Being back on the ranch was really tough for me in a new way than any problems I ran into on the actual trip itself. I think the hardest thing about being back on the ranch was that I was “back” meaning my life was back to its full array of distractions. Friends had returned to Omaha, I was working on moving into my house, getting a car, and starting at my new job. With all these distractions, it was easy to feel like because the physical trip was over my responsibility to the project was over as well.
However, as we got further into the editing process and we began to watch our story come alive, I again became exhilarated and focused on the task at hand. But then, I would go home or go to work and again be distracted by a whole variety of things that didn’t exist while we were back in Nogales living in one space together, always focused on what we could contribute to the project next.

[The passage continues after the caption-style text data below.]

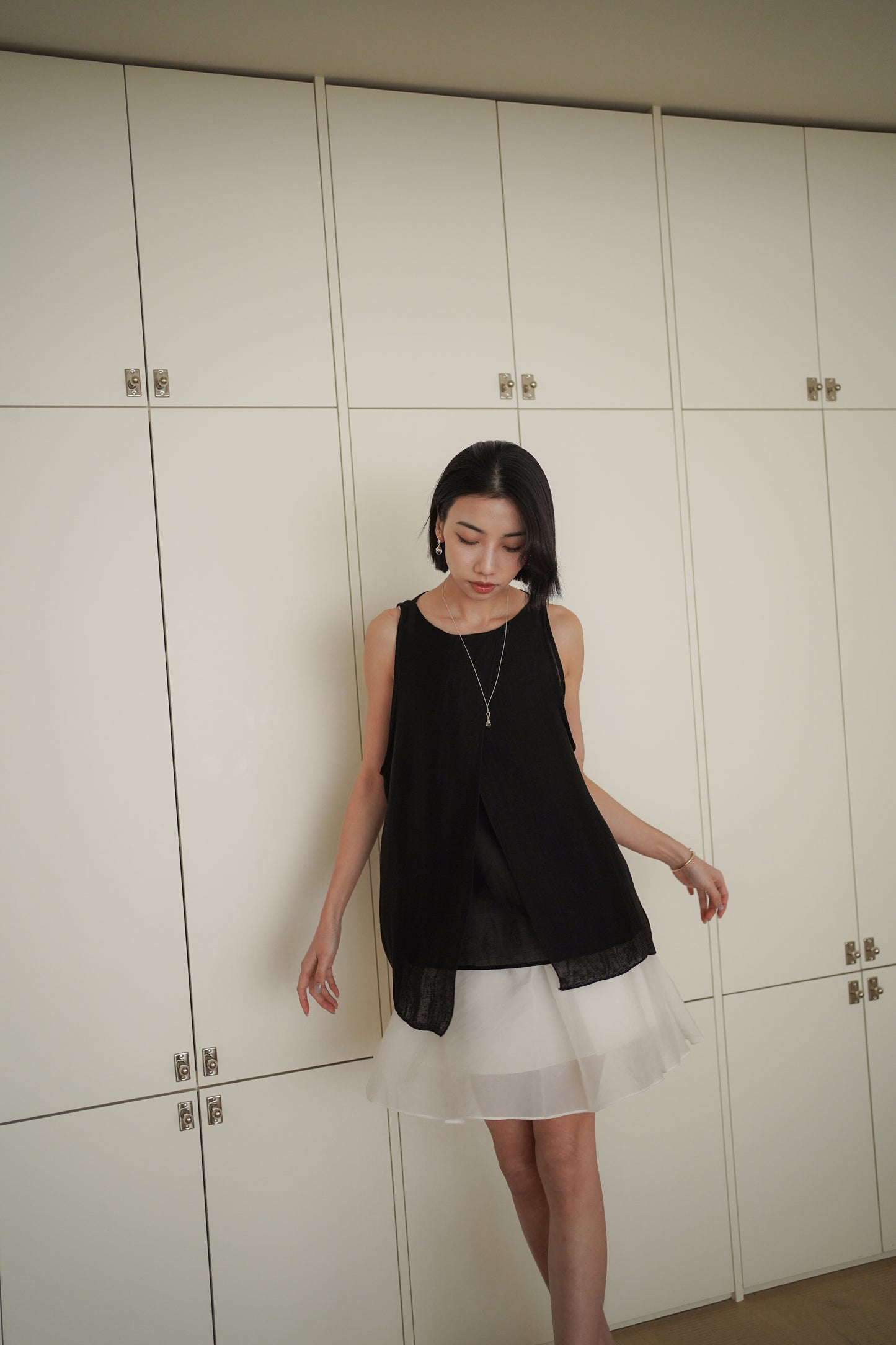 【知性浪漫】 Layered Vest & Sheer Skirt Set✨Best套裝【原價$1090】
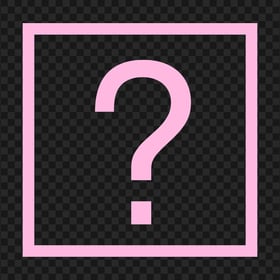 Square Pink Question Mark Icon Transparent PNG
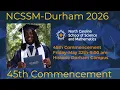 NCSSM-Durham Commencement Ceremony 2026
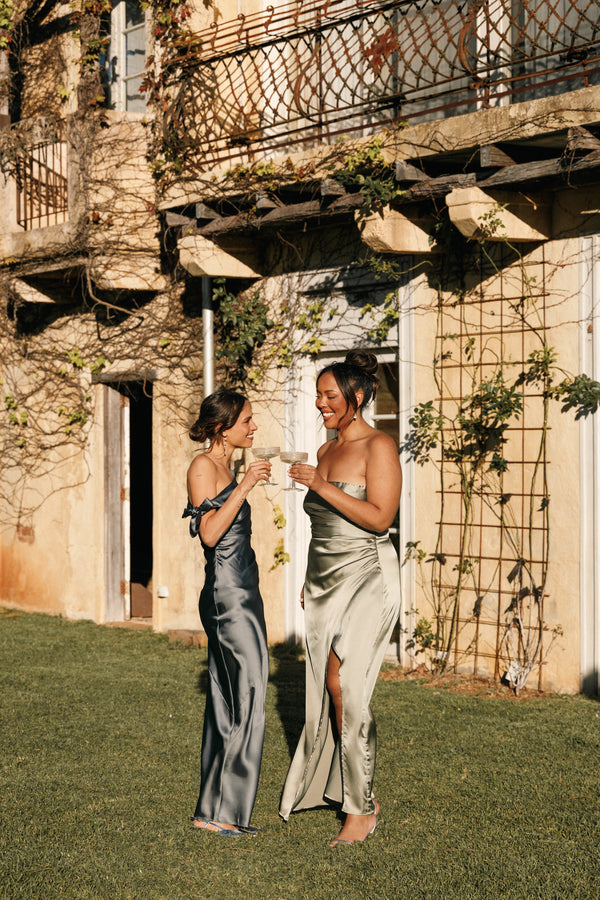 DRESSES Kara Strapless Maxi Dress - Olive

I think this process of distraction and refocusing was a good one to have immediately after the trip because it made me cognizant of that loss of focus whereas if I would’ve just come home and done nothing with the trip, I would have immediately sunk back into my routine without any sort of immediate reflection on the trip and what it meant to me. This way, I was not only forced to stay focused on what I’d learned, but I was also able to help put something together that will allow other people to get a glimpse of that experience as well.
Additionally, I’ve learned now how quickly I can get distracted, and I don’t want that for myself. I want this trip to always be on the back of my mind when I’m navigating my life in the larger scheme of things.